Here is a complete example of how to perform an ECDH key exchange between two parties, Alice and Bob, to establish a shared secret key.

```rust
use dcrypt::algorithms::ec::k256::{self, Point, Scalar};
use rand::rngs::OsRng;

fn main() -> Result<(), dcrypt_algorithms::error::Error> {
    // 1. Alice generates her key pair.
    let (alice_private_key, alice_public_key) = k256::generate_keypair(&mut OsRng)?;
    println!("Alice's private key generated.");

    // 2. Bob generates his key pair.
    let (bob_private_key, bob_public_key) = k256::generate_keypair(&mut OsRng)?;
    println!("Bob's private key generated.");

    // 3. Alice computes the shared secret using her private key and Bob's public key.
    let alice_shared_point = k256::scalar_mult(&alice_private_key, &bob_public_key)?;
    println!("Alice computed the shared secret point.");

    // 4. Bob computes the shared secret using his private key and Alice's public key.
    let bob_shared_point = k256::scalar_mult(&bob_private_key, &alice_public_key)?;
    println!("Bob computed the shared secret point.");

    // 5. Both parties now have the same shared secret point.
    assert_eq!(alice_shared_point, bob_shared_point);
    println!("Shared secret points match!");

    // 6. To create a symmetric key, they derive it from the x-coordinate of the shared point.
    //    Using a KDF is crucial for the security of the final key.
    let shared_x_coordinate = alice_shared_point.x_coordinate_bytes();
    let info = Some(b"k256-ecdh-example".as_slice());

    let alice_derived_key = k256::kdf_hkdf_sha256_for_ecdh_kem(&shared_x_coordinate, info)?;
    let bob_derived_key = k256::kdf_hkdf_sha256_for_ecdh_kem(&shared_x_coordinate, info)?;

    assert_eq!(alice_derived_key, bob_derived_key);

    println!("Successfully derived a shared symmetric key: {}", hex::encode(alice_derived_key));

    Ok(())
}
```

## API Overview

The `k256` module exposes a clean and secure API centered around two main types:

*   **`Point`**: Represents a point on the `secp256k1` curve in affine coordinates `(x, y)`. It provides methods for point arithmetic (`add`, `double`), scalar multiplication (`mul`), serialization (`serialize_compressed`, `serialize_uncompressed`), and validation (`is_on_curve`). The identity point (point at infinity) is also supported.
*   **`Scalar`**: Represents an element in the scalar field, i.e., an integer modulo the curve's group order `n`. This type is used for private keys. Its constructor ensures that the value is valid (non-zero and less than `n`).

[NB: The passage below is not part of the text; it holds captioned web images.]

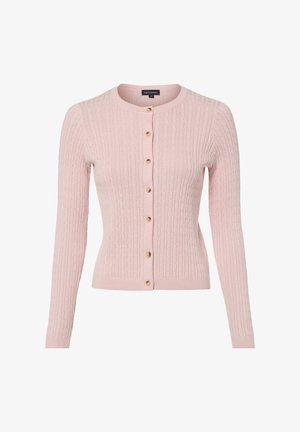 Lichtroze kabelgebreid vest met lange mouwen en zeven beige knopen aan de voorkant, ronde halslijn, getailleerde pasvorm.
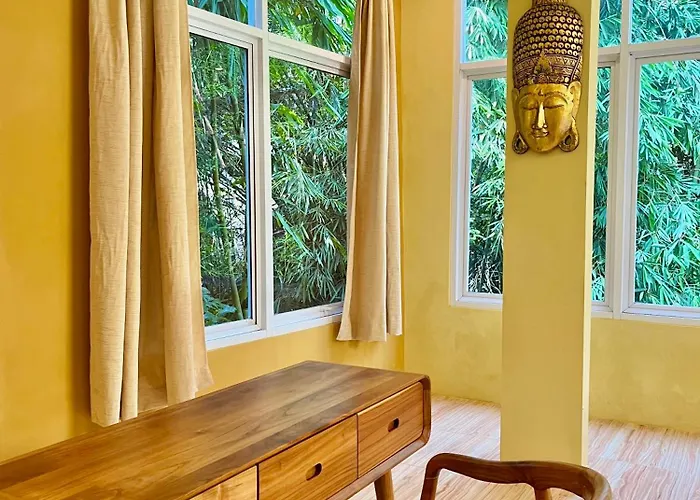 Bamboo Oasis Hotel *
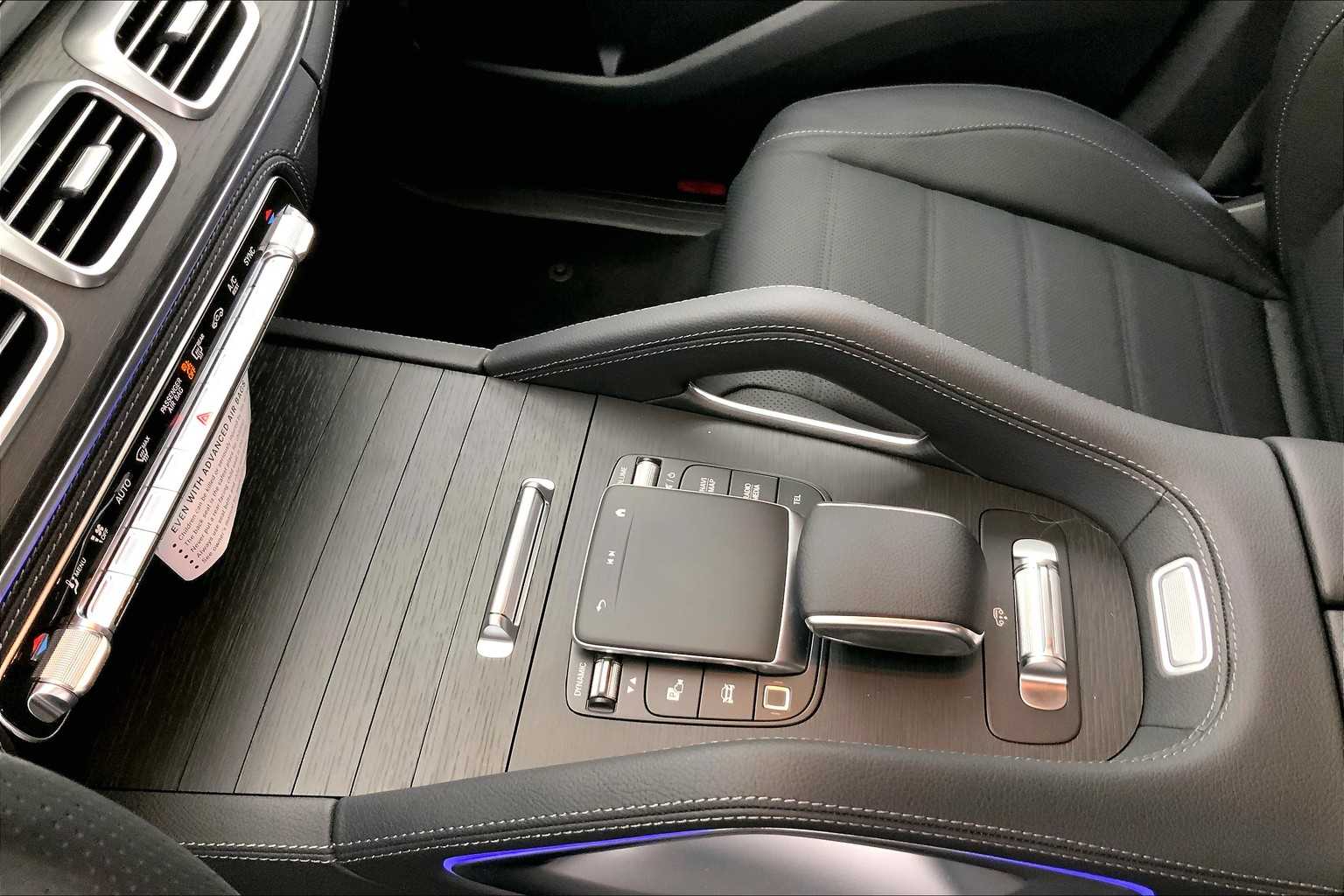 Thumbnail: 2026 Mercedes-Benz GLS - 17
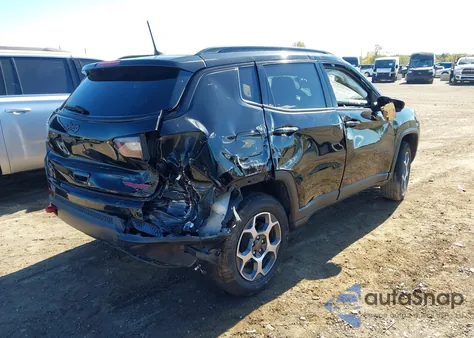 2022 Jeep Compass Trailhawk 4X4 z USA, uszkodzony, nr VIN 3C4NJDDB3NT189310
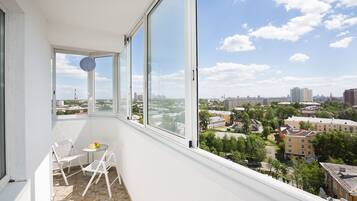 Apartment, 1 Schlafzimmer (Kosmonavtov prospekt, 46a- 78) | Balkon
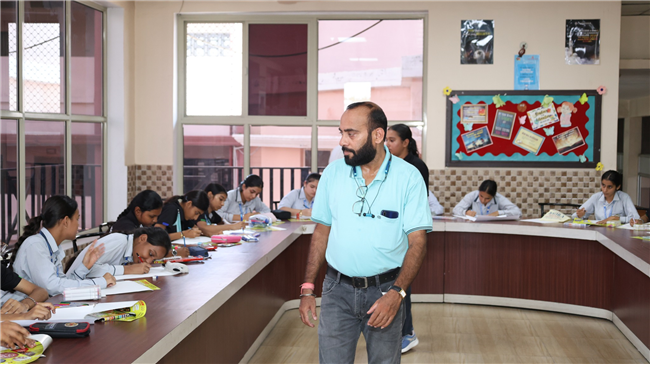 'Styling Star' – Fashion Sketching Contest ✨🎨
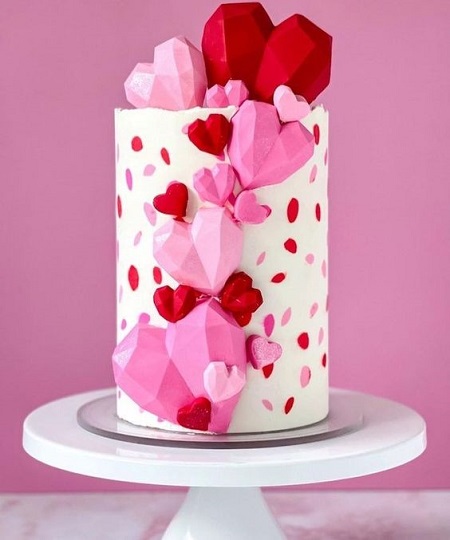 Valentine’s Day Cake With Chocolate Hearts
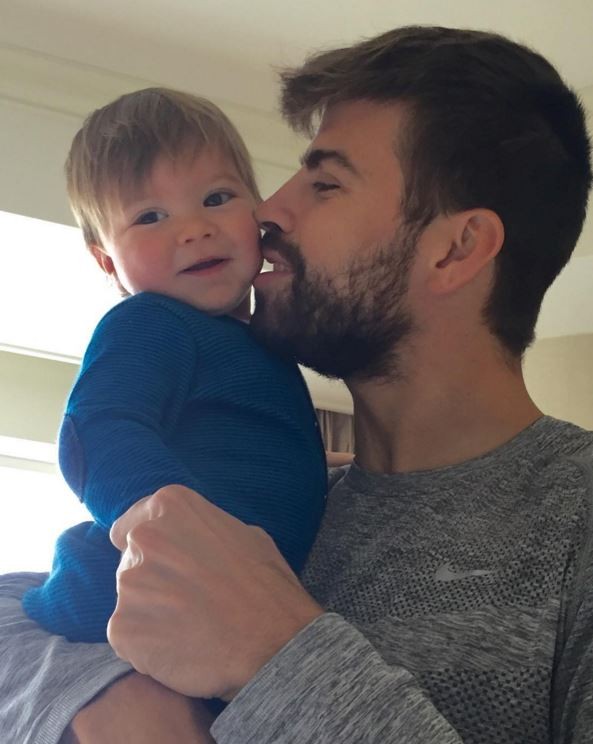 Gerard Piqué e o filho, Sacha (Foto: Instagram / Reprodução)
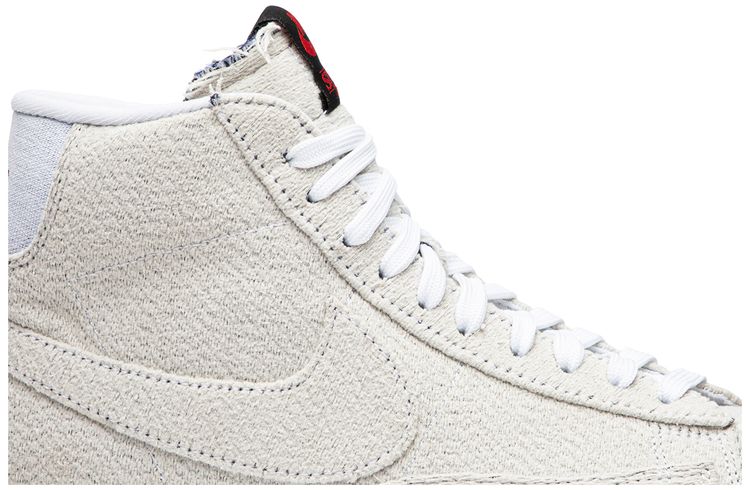 Stranger Things x Nike Blazer Mid QS Upside Down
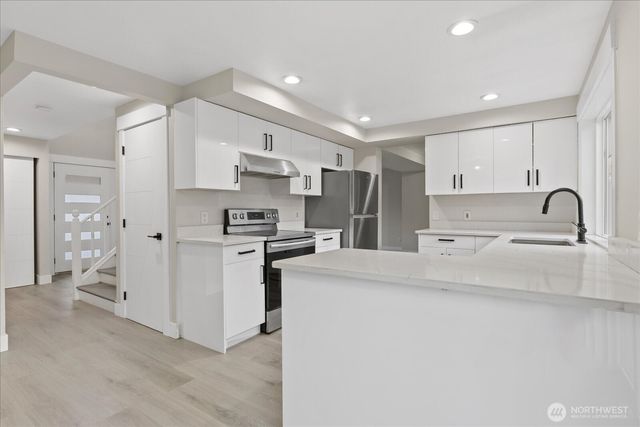 11206 SE 219th Place, Kent, WA 98031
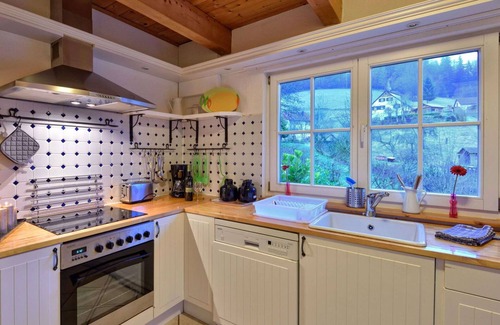 Gompelscheuer House | Beautiful Wood house: 170m², fenced garden, sauna, two fireplaces, wifi, next to forest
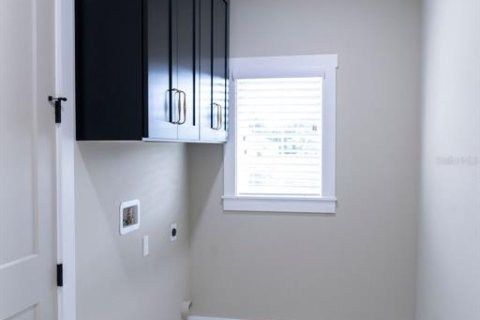 Casa en venta en Tampa, Florida, 4 dormitorios, 226.03 m2 № 1085930 - foto 28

High-level functions abstract away the underlying complexity:
*   `generate_keypair`: Creates a new `(Scalar, Point)` key pair.
*   `scalar_mult`: Computes `scalar * point`.
*   `scalar_mult_base_g`: Computes `scalar * G`, where `G` is the curve generator.
*   `kdf_hkdf_sha256_for_ecdh_kem`: Derives a symmetric key from an ECDH shared secret.

## Benchmarks

A comprehensive benchmark suite is provided in `benches/k256.rs` to measure the performance of all critical operations, including field arithmetic, point operations, scalar multiplication, key generation, and the full ECDH workflow. You can run these benchmarks using `cargo bench --bench k256`.